The speaker then ran through a history of university collusion with the Home Office in enforcing the HEP. The immigration system that required this collusion, she added, predated May, beginning with the Blair government and culminating in 2009 with the introduction of the points-based immigration system. Universities were told that if they wanted a license to sponsor international students—which they surely did, as those students represent something of a cash cow—they would have to engage in profiling. The UCU did, for their part, try to deliver a fuck you to the Home Office. The response, according to the speaker, was one of well, fuck you back then. The universities needed the students, and so they complied.

The collusion of universities was highlighted during the 2009 cleaner strikes at the School of Oriental and African Studies (SoAS). The university called the cleaners, who were striking in the hopes of their services being brought in-house rather than remaining outsourced, to an early morning meeting. When they arrived, immigration officials conducted a raid and captured a handful of the primary instigators, include a woman who was four months pregnant. They were soon deported back to South America. One lecture theatre at SoAS is now known colloquially as the Lucas Lecture Theatre, after the pregnant organiser’s eventual son. This demonstrated the use of the HEP in removing dissenting voices.

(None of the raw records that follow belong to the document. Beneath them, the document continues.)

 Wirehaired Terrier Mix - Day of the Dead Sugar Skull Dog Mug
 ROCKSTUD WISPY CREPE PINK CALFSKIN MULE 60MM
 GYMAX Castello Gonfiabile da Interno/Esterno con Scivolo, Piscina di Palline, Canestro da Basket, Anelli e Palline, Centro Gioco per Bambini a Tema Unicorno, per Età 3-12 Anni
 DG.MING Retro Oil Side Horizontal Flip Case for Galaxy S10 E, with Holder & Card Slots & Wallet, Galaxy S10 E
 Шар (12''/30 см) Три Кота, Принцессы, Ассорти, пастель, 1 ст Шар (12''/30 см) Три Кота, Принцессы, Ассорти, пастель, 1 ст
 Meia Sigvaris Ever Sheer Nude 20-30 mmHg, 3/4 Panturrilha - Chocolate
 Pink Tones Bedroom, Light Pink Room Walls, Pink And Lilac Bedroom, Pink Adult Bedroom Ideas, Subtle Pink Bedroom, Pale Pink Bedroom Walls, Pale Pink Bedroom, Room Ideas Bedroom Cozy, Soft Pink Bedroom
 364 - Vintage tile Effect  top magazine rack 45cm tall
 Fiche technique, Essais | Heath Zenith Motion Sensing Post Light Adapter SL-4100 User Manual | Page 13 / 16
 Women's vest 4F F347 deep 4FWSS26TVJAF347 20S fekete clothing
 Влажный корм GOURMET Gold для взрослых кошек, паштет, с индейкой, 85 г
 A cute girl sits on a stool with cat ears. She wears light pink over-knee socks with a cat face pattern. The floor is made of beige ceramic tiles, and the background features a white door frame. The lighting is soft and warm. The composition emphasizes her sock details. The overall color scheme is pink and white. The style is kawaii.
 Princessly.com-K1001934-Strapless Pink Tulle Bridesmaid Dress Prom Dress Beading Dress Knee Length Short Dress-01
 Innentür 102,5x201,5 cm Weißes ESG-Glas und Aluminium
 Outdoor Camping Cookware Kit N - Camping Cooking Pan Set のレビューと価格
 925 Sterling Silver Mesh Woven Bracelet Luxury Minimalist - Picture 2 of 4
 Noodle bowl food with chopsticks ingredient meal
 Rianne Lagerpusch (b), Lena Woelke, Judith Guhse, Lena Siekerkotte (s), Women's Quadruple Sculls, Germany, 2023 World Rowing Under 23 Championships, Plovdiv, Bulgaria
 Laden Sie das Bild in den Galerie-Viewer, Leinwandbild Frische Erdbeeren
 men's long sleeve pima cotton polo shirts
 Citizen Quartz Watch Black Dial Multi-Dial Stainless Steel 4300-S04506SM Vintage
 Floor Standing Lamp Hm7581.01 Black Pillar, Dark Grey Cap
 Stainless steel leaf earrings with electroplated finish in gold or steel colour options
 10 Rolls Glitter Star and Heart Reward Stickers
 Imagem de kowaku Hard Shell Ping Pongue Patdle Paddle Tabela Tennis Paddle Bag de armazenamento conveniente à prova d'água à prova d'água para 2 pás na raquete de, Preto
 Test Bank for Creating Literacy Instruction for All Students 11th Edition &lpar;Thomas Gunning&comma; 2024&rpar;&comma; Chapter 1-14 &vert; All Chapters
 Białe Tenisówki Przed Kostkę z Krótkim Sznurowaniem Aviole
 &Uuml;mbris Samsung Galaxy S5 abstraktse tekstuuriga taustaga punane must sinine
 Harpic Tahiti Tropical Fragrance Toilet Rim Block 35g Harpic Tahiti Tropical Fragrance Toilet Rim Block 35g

Later on, Highly Trusted Sponsor (HTS) accreditation was added as an additional requirement from universities who wanted to take on international students. In 2012, London Metropolitan University was apparently found to have made an administrative error in its HTS paperwork. As a result, its status was revoked and international students were given just 60 days to enrol at other universities or face deportation. The speaker pointed out that London Met had a high proportion of minority students—if they had have checked at Oxford, she claimed, they wouldn’t have had their papers in order either, nobody did at that point. She also pointed out that this was shortly after the 2011 London riots. As many as 2,700 students had to find new institutions, and she estimated that perhaps 400–500 failed to do o and were duly deported.

She also pointed out that the Home Office makes a killing from all of this, charging £5.60 to send them an email inquiring about one’s visa request (cost not dependent on response). She also reinforced the classist aspects of the Immigration Acts 2014 and 2016, which disproportionately affect working-class international students. The gave the example of the Indonesian government, which supposedly failed to pay for a number of university study abroad scholarships at the last minute. The wealthy Indonesian students simply coughed up and graduated; the poor ones couldn’t, and didn’t.

We finished the workshop by forming up into groups and considering a true case with which URBC had consulted. We received that of a Nigerian student who was sofa-surfing—hidden homeless, in other words—due to being unable to rent accommodation during his Ph.D. as landlords required his passport or proof of study, and the former was with the Home Office for a visa extension whilst the university were dragging their heels with the latter. What came out of it, and the other case studies, was that there’s an awful lot of hoops to jump through and organisations to get fobbed off by. Whilst I have, as I said, my own nationality-related ballaches, I’m certainly appreciative of how much more terrible it is to try and make one’s way here in the UK without the passport.